__Exercise brief__
In the copy you make of the entries, no picture should appear, and every word must match.

__Material provided__
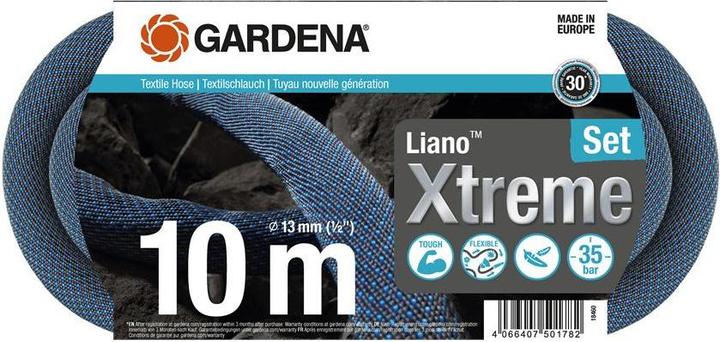 Image du produit Gardena Liano Xtreme 1/2 set (10 m, 13 mm)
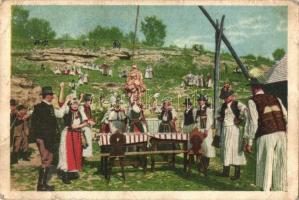 Körösfő, Izvoru Crisului; lakodalom, folklór / marriage feast, folklore (EB)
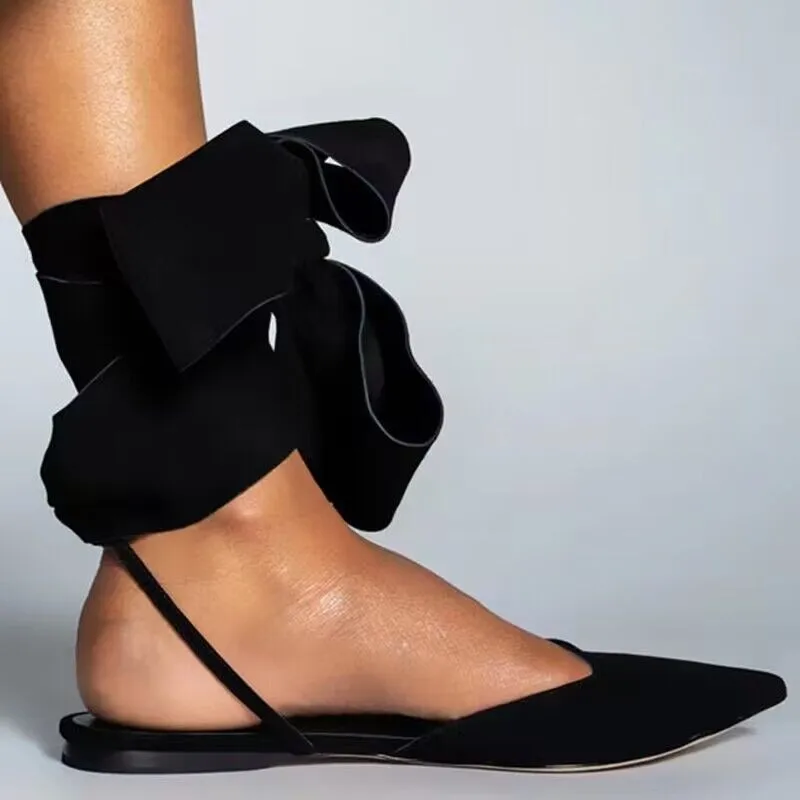 Summer Shoes for Women 2023 New Sexy Pointed Toe Ankle Wrap Flat Women's Sandals Fashion Dress Party Closed Toe Ladies Sandals
Summer Shoes for Women 2023 New Sexy Pointed Toe Ankle Wrap Flat Women's Sandals Fashion Dress Party Closed Toe Ladies Sandals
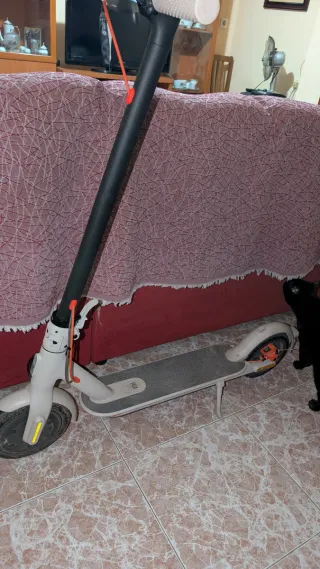 Patinete Xiaomi Rueda Trasera Maciza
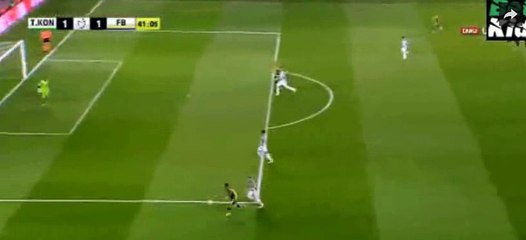 Fernandao Goal - Konyaspor 1 - 1 Fenerbahce - 09-04-2016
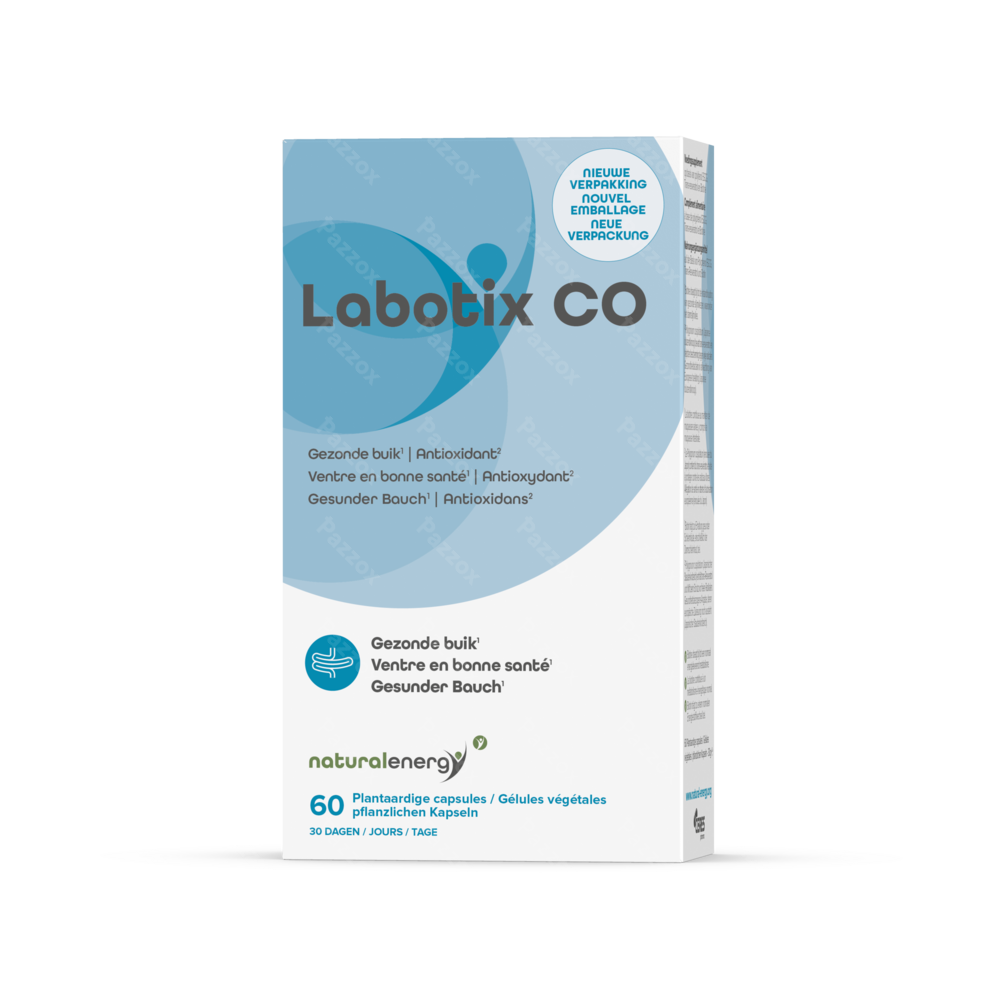 Natural Energy Labotix CO 60 vegetarische capsules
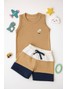Conjunto Infantil Menino Regata Bermuda Palmeiras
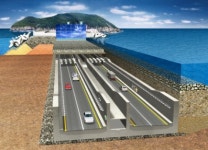 바다 아래 19m 해저터널을 걷다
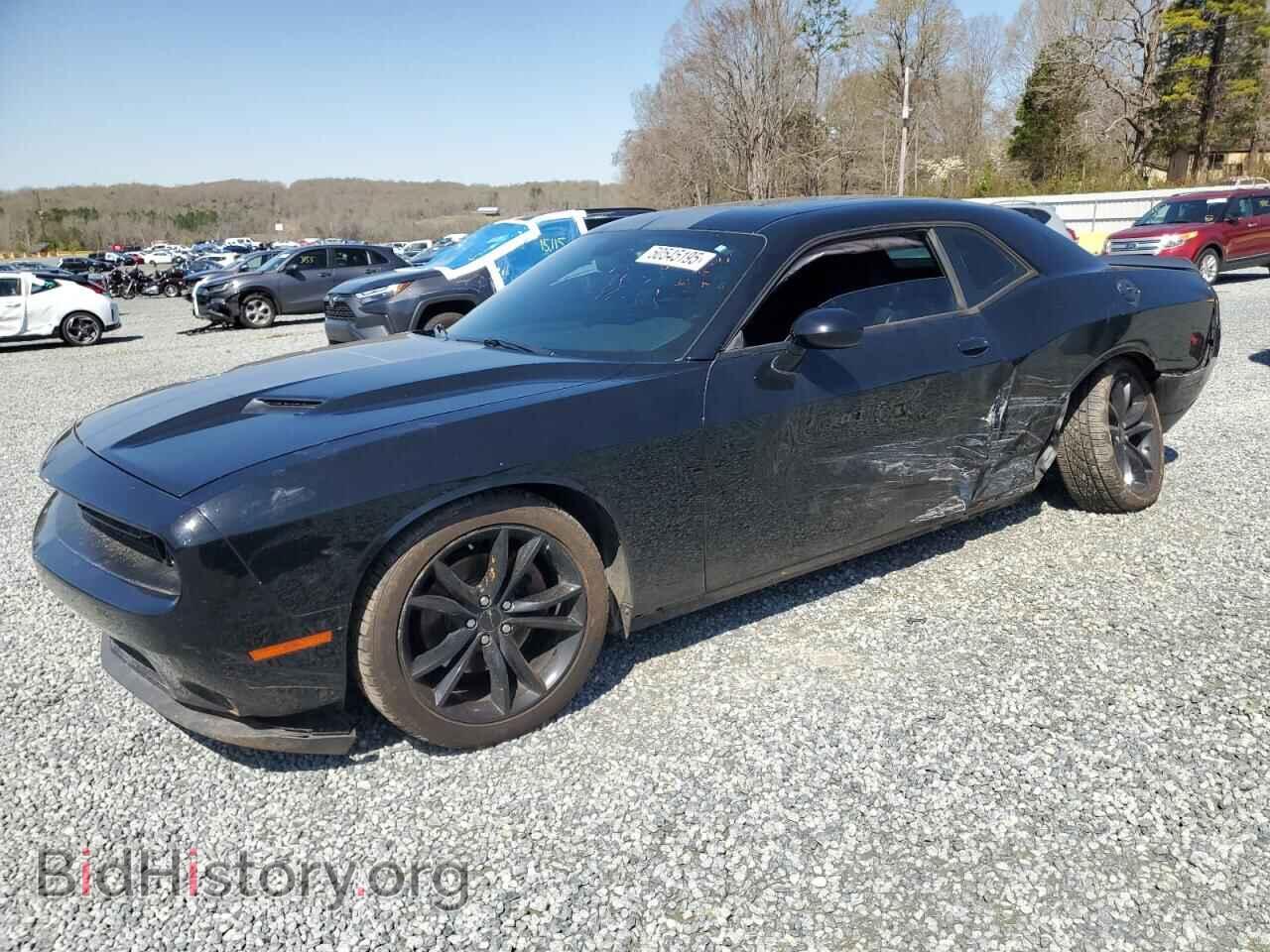 Фотография 2C3CDZAG8GH232132 - DODGE CHALLENGER 2016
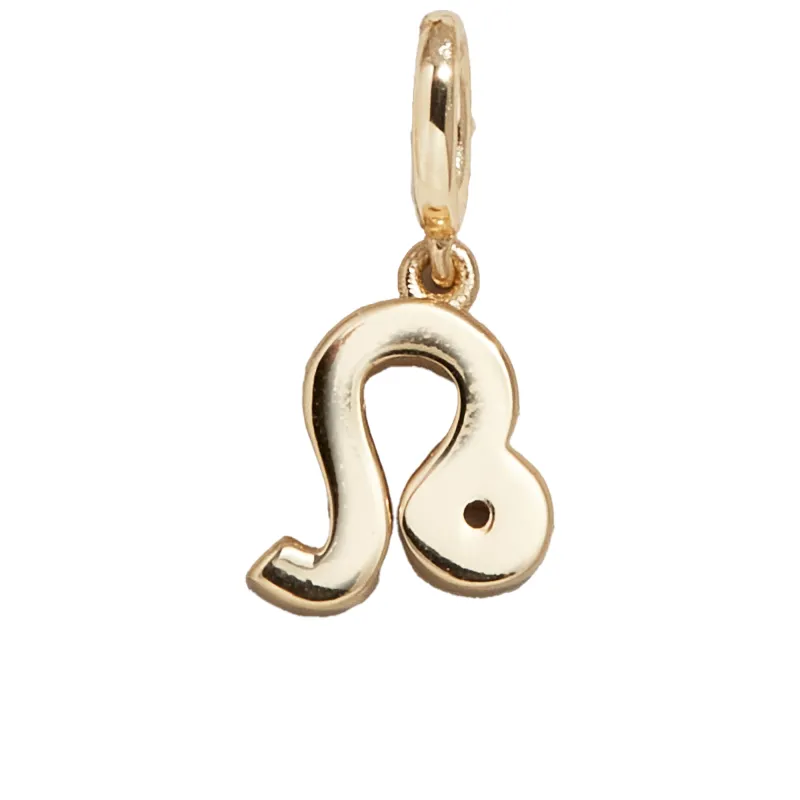 Zodiac Symbol Cluster Charm - Leo sold by BaubleBar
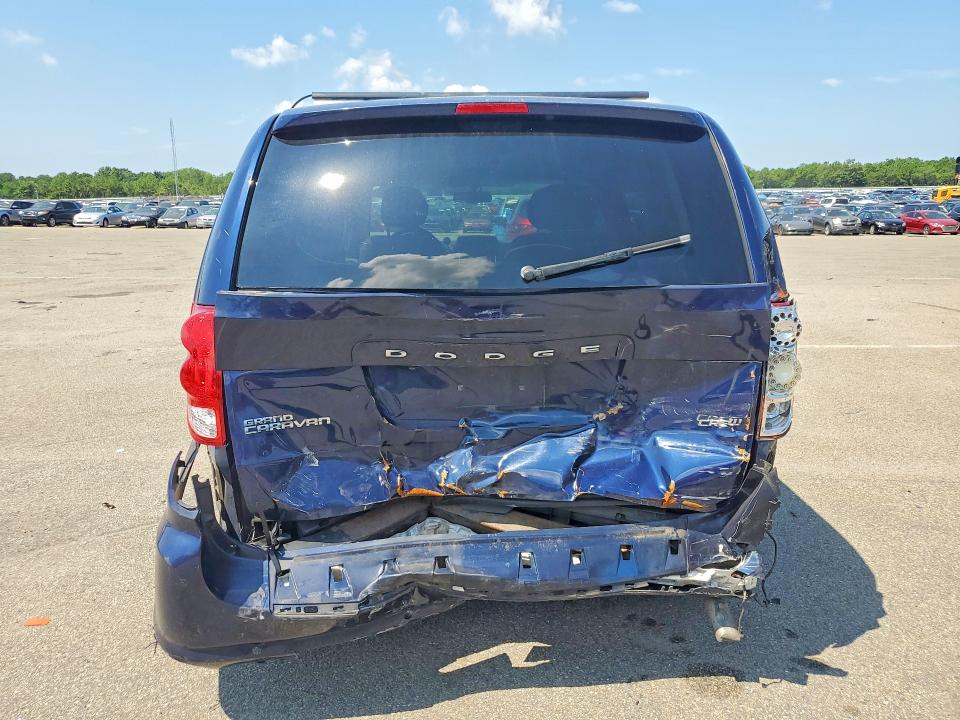 62804516 :رقم المزاد ، 2C4RDGDG2DR807336 vin ، 2013 Dodge Grand Caravan مزاد بيع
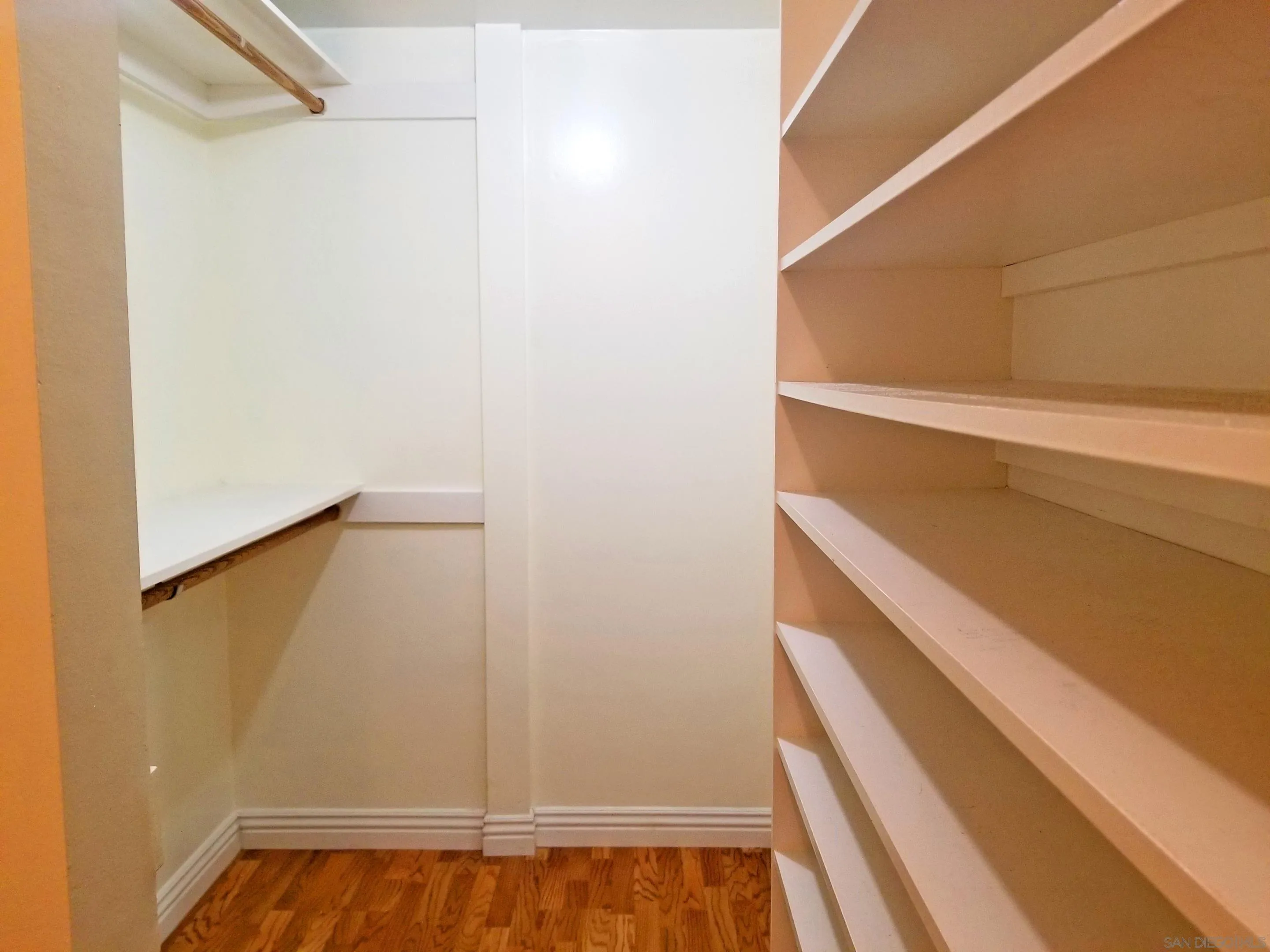 2358 Torrey Pines Road, Unit 19 La Jolla, CA 92037 - Photo 16 of 28 a view of walk in closet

__Finished task__
 Image du produit Gardena Liano Xtreme 1/2 set (10 m, 13 mm)
 Körösfő, Izvoru Crisului; lakodalom, folklór / marriage feast, folklore (EB)
 Summer Shoes for Women 2023 New Sexy Pointed Toe Ankle Wrap Flat Women's Sandals Fashion Dress Party Closed Toe Ladies Sandals
Summer Shoes for Women 2023 New Sexy Pointed Toe Ankle Wrap Flat Women's Sandals Fashion Dress Party Closed Toe Ladies Sandals
 Patinete Xiaomi Rueda Trasera Maciza
 Fernandao Goal - Konyaspor 1 - 1 Fenerbahce - 09-04-2016
 Natural Energy Labotix CO 60 vegetarische capsules
Conjunto Infantil Menino Regata Bermuda Palmeiras
 바다 아래 19m 해저터널을 걷다
 Фотография 2C3CDZAG8GH232132 - DODGE CHALLENGER 2016
 Zodiac Symbol Cluster Charm - Leo sold by BaubleBar
 62804516 :رقم المزاد ، 2C4RDGDG2DR807336 vin ، 2013 Dodge Grand Caravan مزاد بيع
 2358 Torrey Pines Road, Unit 19 La Jolla, CA 92037 - Photo 16 of 28 a view of walk in closet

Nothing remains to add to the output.